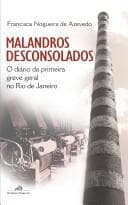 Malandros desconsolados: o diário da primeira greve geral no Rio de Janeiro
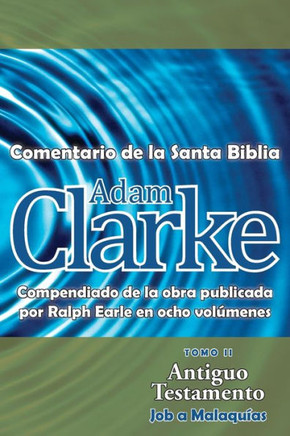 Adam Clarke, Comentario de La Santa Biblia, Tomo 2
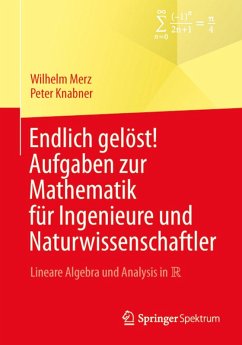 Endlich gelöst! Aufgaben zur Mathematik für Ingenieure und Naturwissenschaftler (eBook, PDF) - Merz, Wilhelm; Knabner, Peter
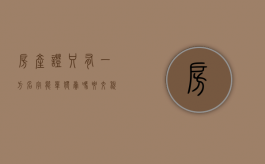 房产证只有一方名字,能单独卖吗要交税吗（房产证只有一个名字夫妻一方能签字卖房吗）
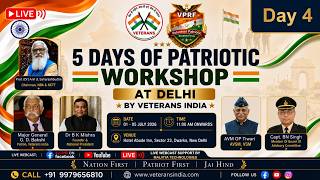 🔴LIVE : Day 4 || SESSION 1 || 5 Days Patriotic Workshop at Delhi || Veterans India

□ □ □ □

§ Work to be completed: Everything in the entries above must be output again exactly, except the pictures.

§ Exercise response:
 Malandros desconsolados: o diário da primeira greve geral no Rio de Janeiro
 Adam Clarke, Comentario de La Santa Biblia, Tomo 2
 Endlich gelöst! Aufgaben zur Mathematik für Ingenieure und Naturwissenschaftler (eBook, PDF) - Merz, Wilhelm; Knabner, Peter
 房产证只有一方名字,能单独卖吗要交税吗（房产证只有一个名字夫妻一方能签字卖房吗）
 🔴LIVE : Day 4 || SESSION 1 || 5 Days Patriotic Workshop at Delhi || Veterans India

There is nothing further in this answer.